About this task
Retype nothing except the lines below from the one with "Aztec tattoo for the upper arm and shoulder cap Aztec" through the one with "La Petite étoile", exactly, with images left out.
Segment Start: Data supplied
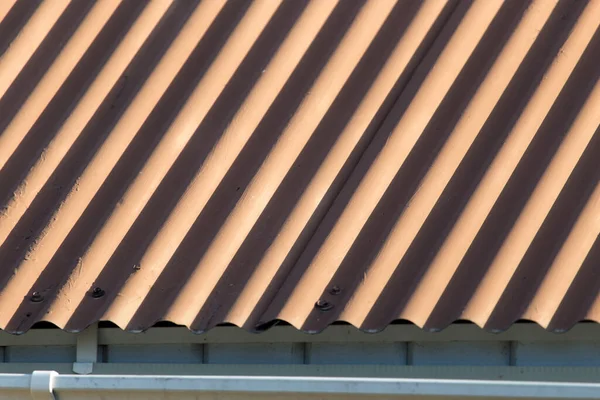 Rusty Metal Roofing Roof Background Photo Abstract Texture — Stock Photo, Image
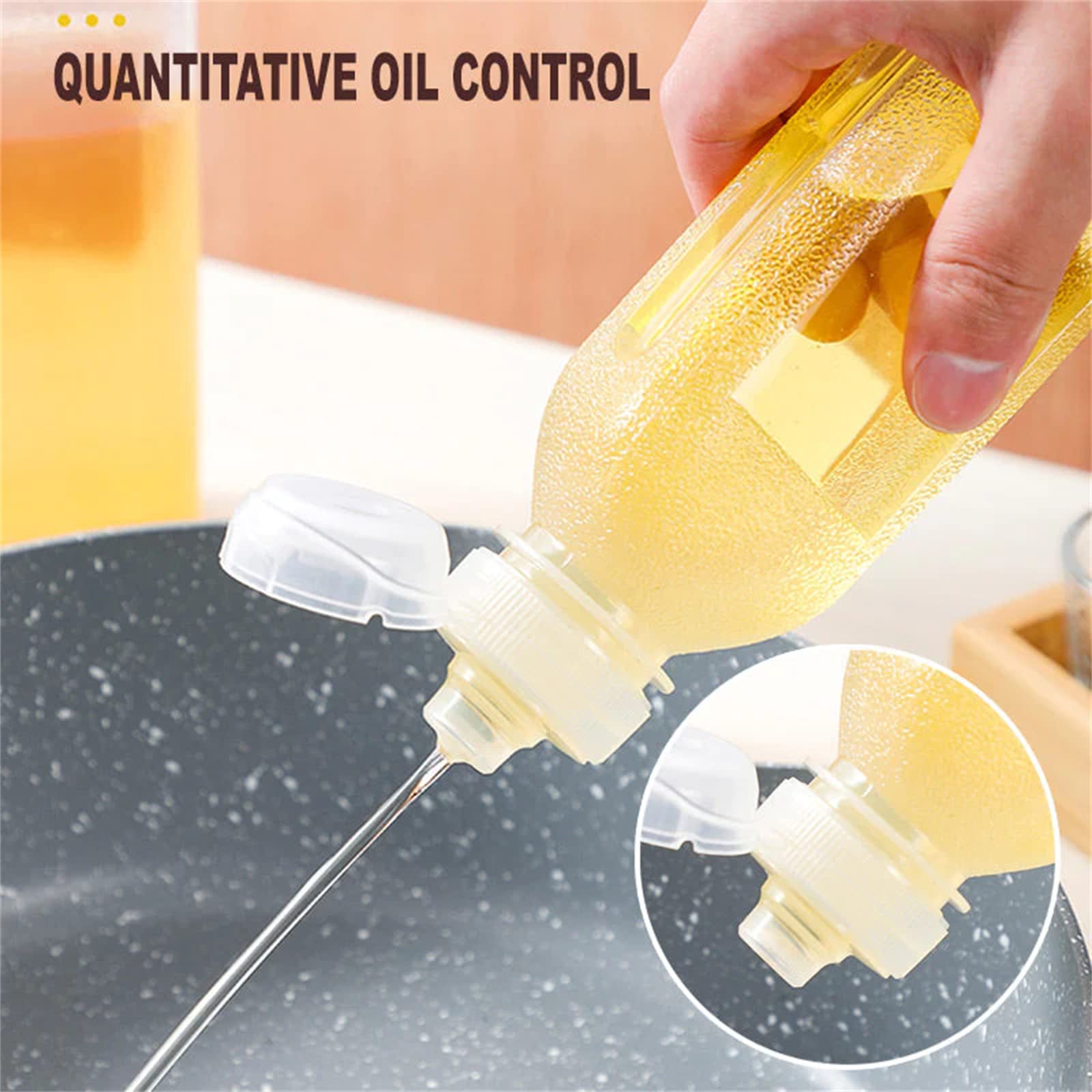 chiLUER Kitchen Squeeze Oil Bottle Dispenser - Condiment Squeeze Bottle,Leak Proof Squirt Reusable Plastic Oil Container,Easy Refill and Cleaning 500ml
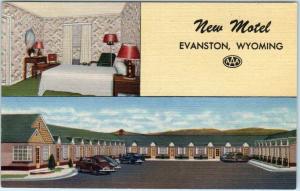 EVANSTON, Wyoming  WY    Roadside  NEW MOTEL  Lincoln Highway  c1940s  Postcard*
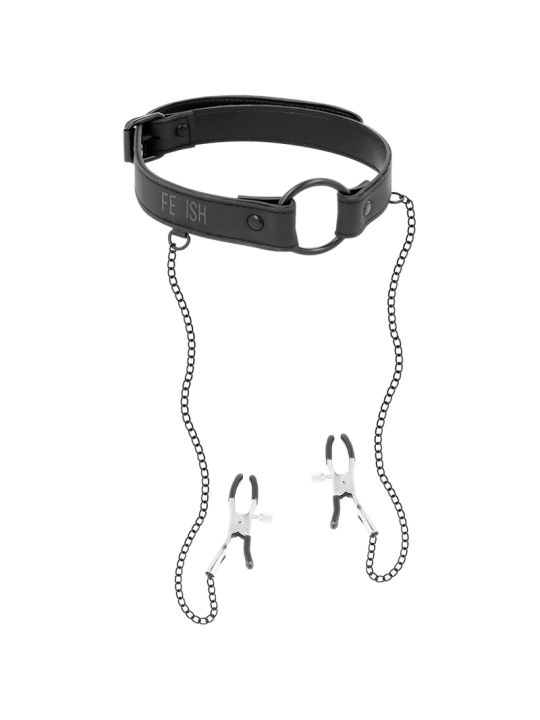 FETISH SUBMISSIVE ANILLA MORDAZA CON PINZAS PARA PEZONES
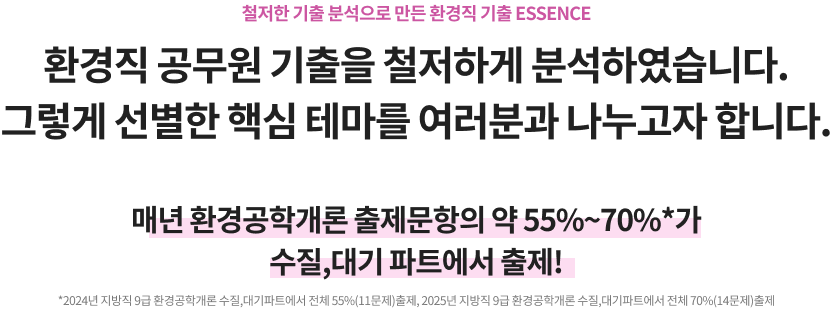 환경직 공무원 기출을 철저하게 분석하였습니다. 그렇게 선별한 핵심 테마를 여러분과 나누고자 합니다.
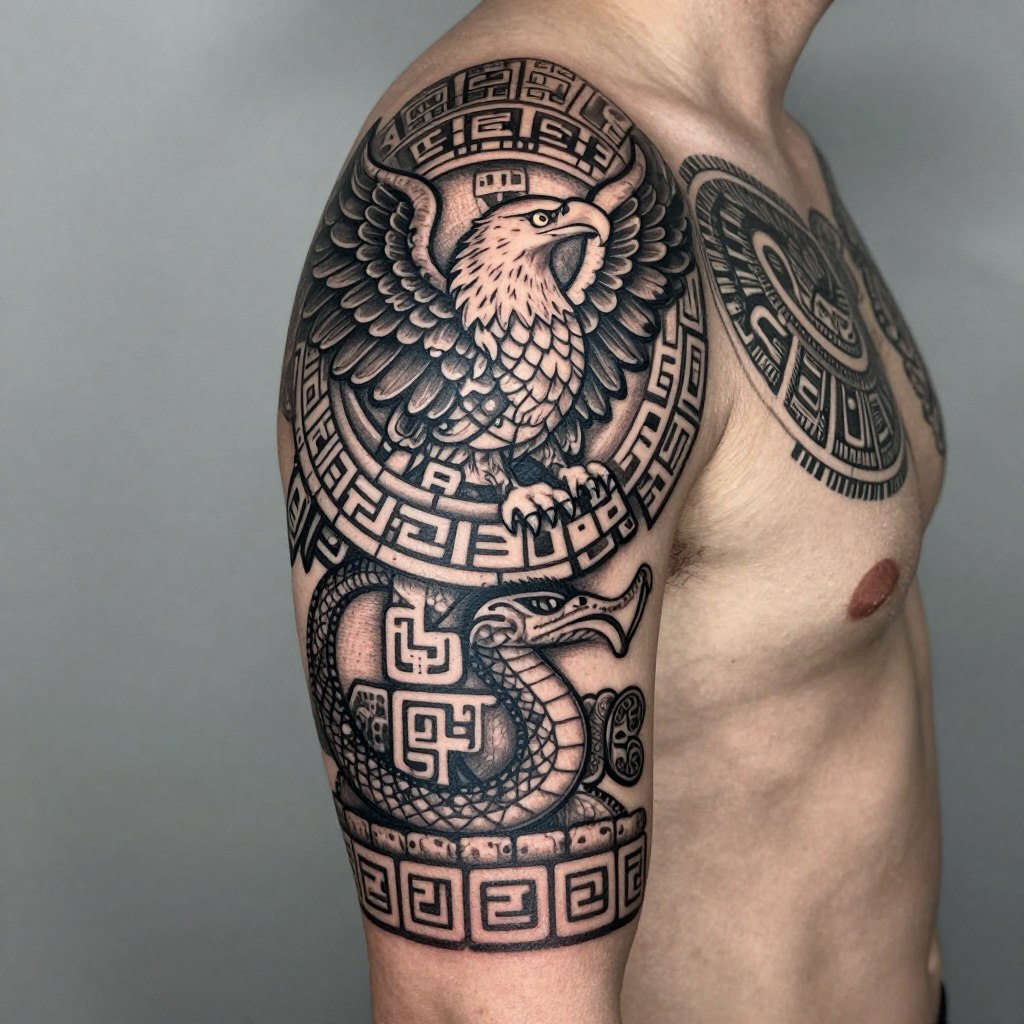 Aztec tattoo for the upper arm and shoulder cap Aztec tattoo for the upper arm and shoulder cap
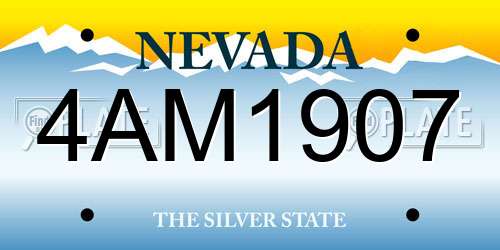 4AM1907 Nevada License Plate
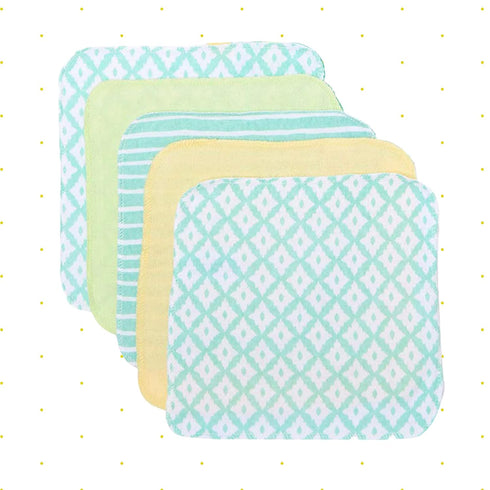 Spasilk Soft Terry Washcloth Wipes Set for Newborn Boys and Girls, Pack of 10 (Green Diamonds)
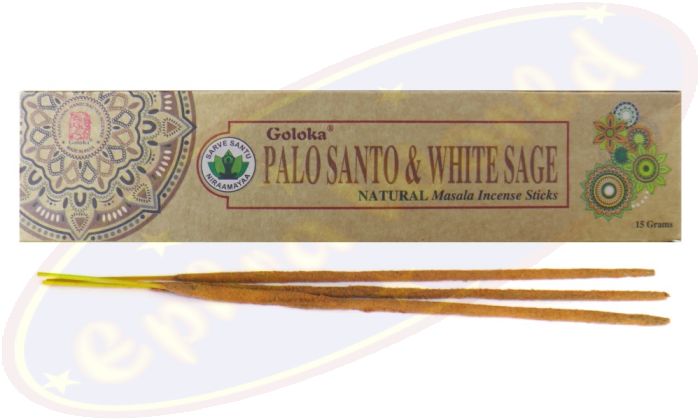 Goloka natürliche Masala Räucherstäbchen Palo Santo & White Sage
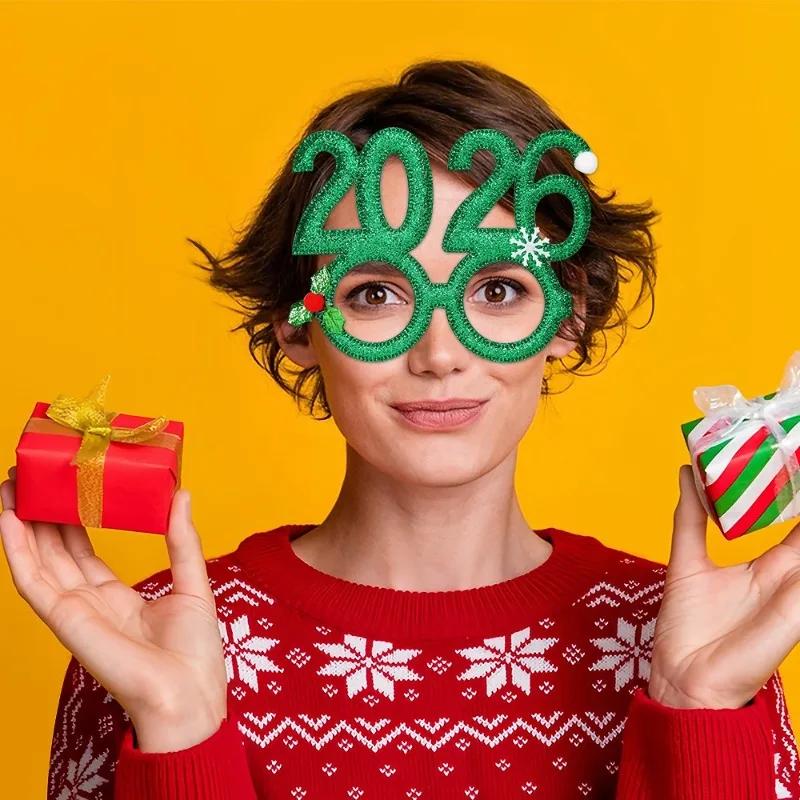 2026 Funny Eyeglasses Frames Party Decoration Christmas Theme New Year Photo Frame Creative Eye Wear for DIY Xmas Holiday Decor
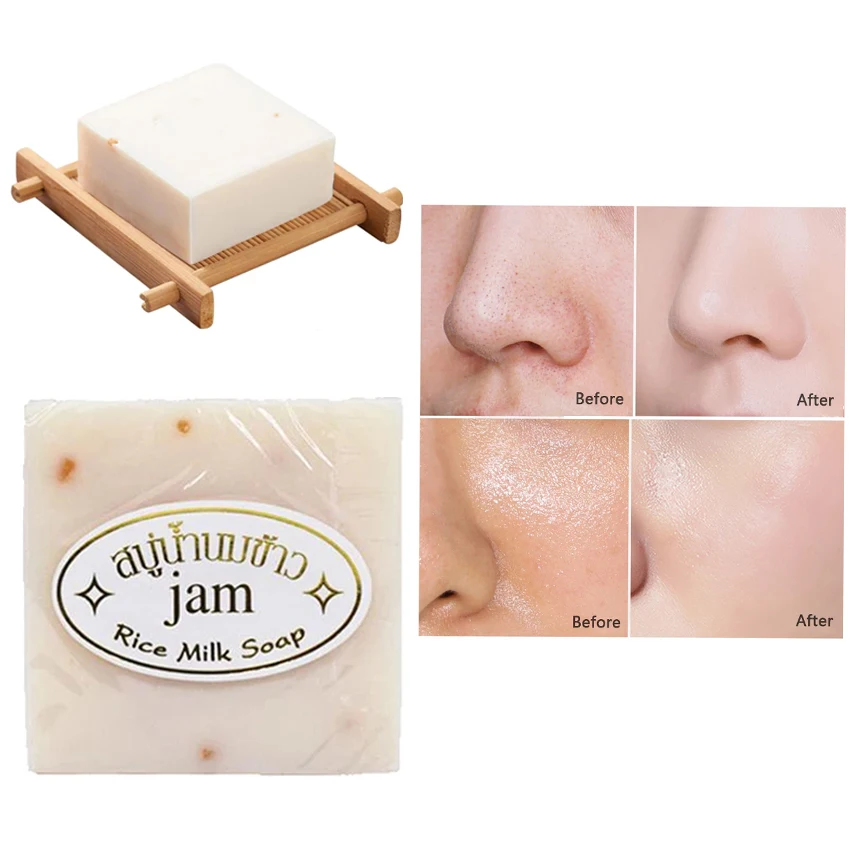 

Handmade Rice Milk Soap Collagen Vitamin Skin Whitening Acne Pore Removal Moisturizing Cleansing Bleaching Rice Milk Soap
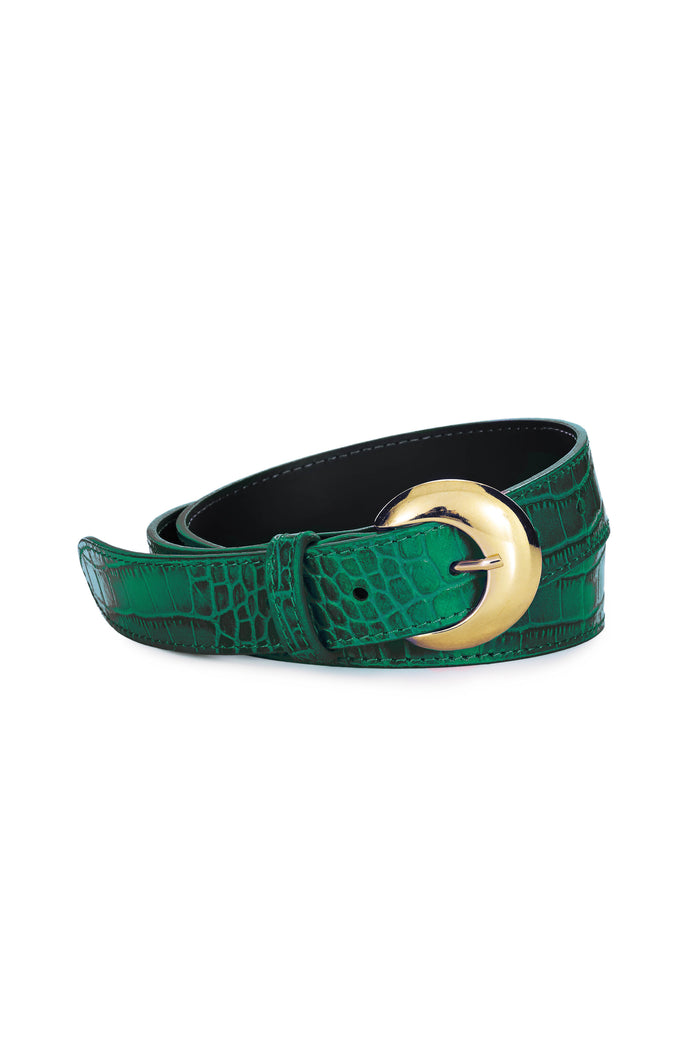 La Petite étoile Ceinture Cuir Croco Vert - Aiden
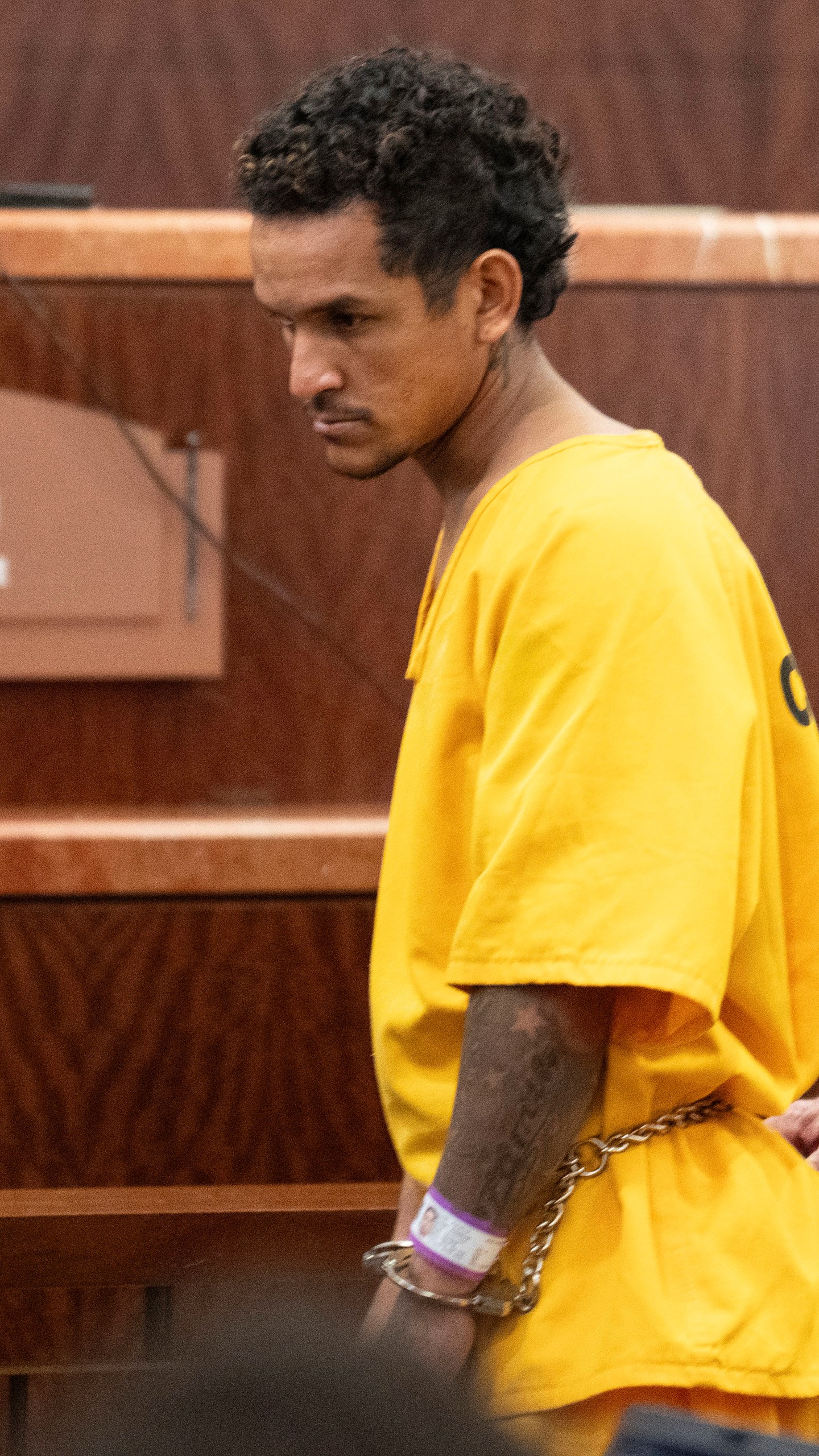 Franklin Peña, one of the two men accused of killing 12-year-old Jocelyn Nungaray, leaves the courtroom after bail was set for $10 million, Monday, June 24, 2024, in Houston. Peña and another man, Johan Jose Rangel-Martinez, are charged with capital murder over the girl's death. (Brett Coomer/Houston Chronicle via AP)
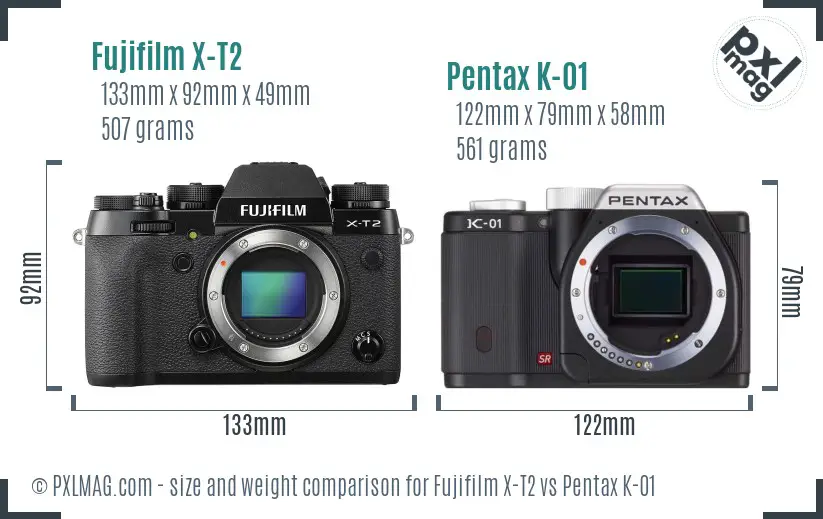 Fujifilm X-T2 vs Pentax K-01 size comparison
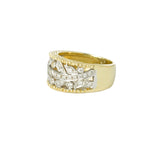 Bague Style Buccellati Diamants Or jaune et Gris 18 carats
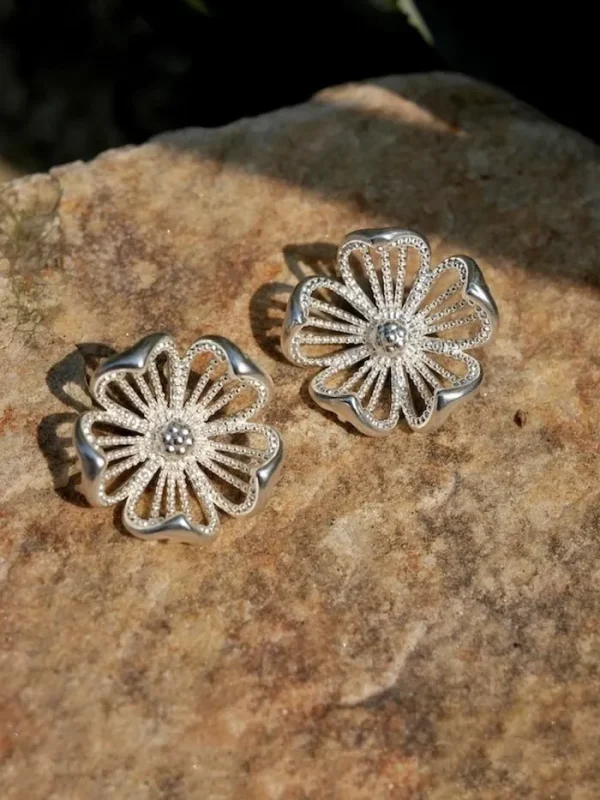 ear-piercing-jewelry-hollow-flower-ear-studs-2 sliver earrings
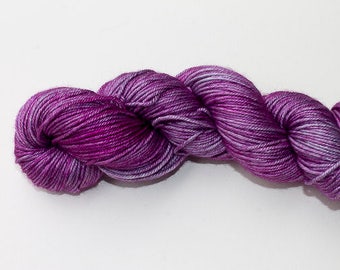 Hand Dyed DK Silk and Merino Yarn, Pink Bud Colorway, Pink Superwash Merino and Silk DK Weight Yarn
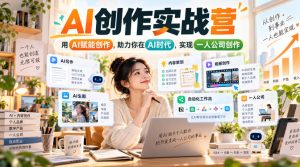 AI创作实战营,用AI赋能创作,助力你在AI时代,实现一人公司创作|淘骐网赚资源库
Segment End: Data supplied
Output of the task
 Aztec tattoo for the upper arm and shoulder cap Aztec tattoo for the upper arm and shoulder cap
 4AM1907 Nevada License Plate
 Spasilk Soft Terry Washcloth Wipes Set for Newborn Boys and Girls, Pack of 10 (Green Diamonds)
 Goloka natürliche Masala Räucherstäbchen Palo Santo & White Sage
 2026 Funny Eyeglasses Frames Party Decoration Christmas Theme New Year Photo Frame Creative Eye Wear for DIY Xmas Holiday Decor

Handmade Rice Milk Soap Collagen Vitamin Skin Whitening Acne Pore Removal Moisturizing Cleansing Bleaching Rice Milk Soap
 La Petite étoile Ceinture Cuir Croco Vert - Aiden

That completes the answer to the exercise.